What is the full effect of steadfastness? That we lack nothing. When we are discontent, we
think that we lack something. “If only I had…” James tells us that when we are shaped through
trials we come to understand that we lack nothing!
1 Peter 1:6-7
6 In this you rejoice, though now for a little while, if necessary, you have been grieved
by various trials, 7 so that the tested genuineness of your faith—more precious than gold that
perishes though it is tested by fire—may be found to result in praise and glory and honor at the
revelation of Jesus Christ.
2020 is a test. Just like every day is a test. Do we have the ability to put our eyes up to Christ
and to look at what he is doing in our hearts?

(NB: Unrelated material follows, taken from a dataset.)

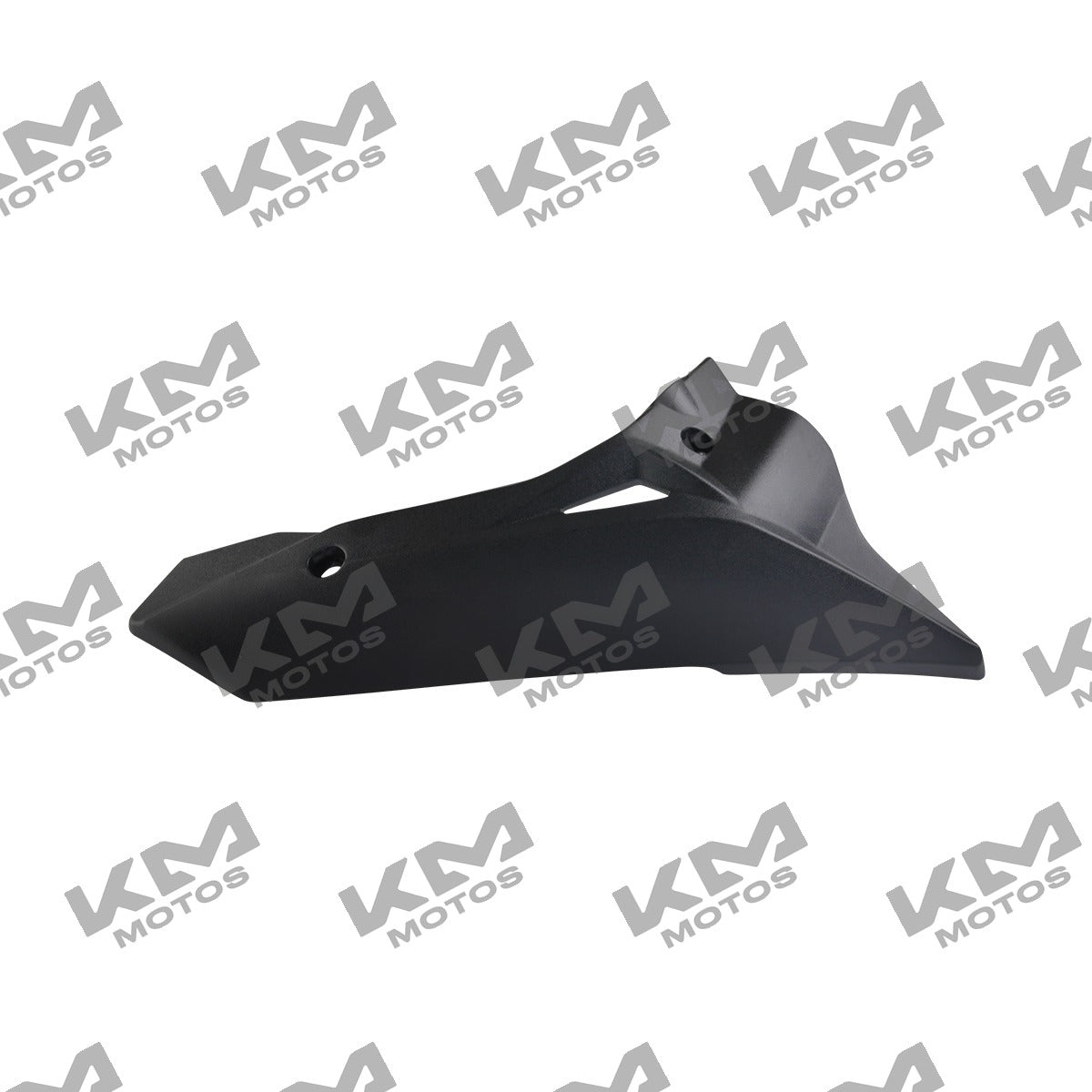 Cubierta guía de aire inferior derecha para Italika 250SZ y 250Z, parte del sistema de chasis original.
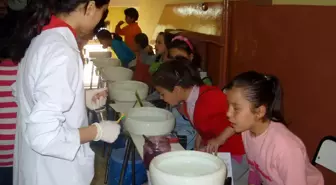 Keles'te Öğrencilere Diş Sağlığı Taraması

Gold: impurities rise to the surface and can be strained off. 24 karat gold is pure gold. It’s also
the most malleable. The more you refine gold, the more malleable it becomes.
Love Tucson: let’s let steadfastness have its full effect on us.
Thanksgiving: retailers jump straight from Halloween to Christmas because Thanksgiving cuts
the legs out from the fuel of the economy: discontentment.
Tortoises on turf.
Romans 5:2b-5 2 …we[c] rejoice[d] in hope of the glory of God. 3 Not only that, but we rejoice in
our sufferings, knowing that suffering produces endurance, 4 and endurance produces
character, and character produces hope, 5 and hope does not put us to shame, because God's
love has been poured into our hearts through the Holy Spirit who has been given to us.
James tells us that we can find joy in suffering because it causes us to be conformed to the image of Jesus.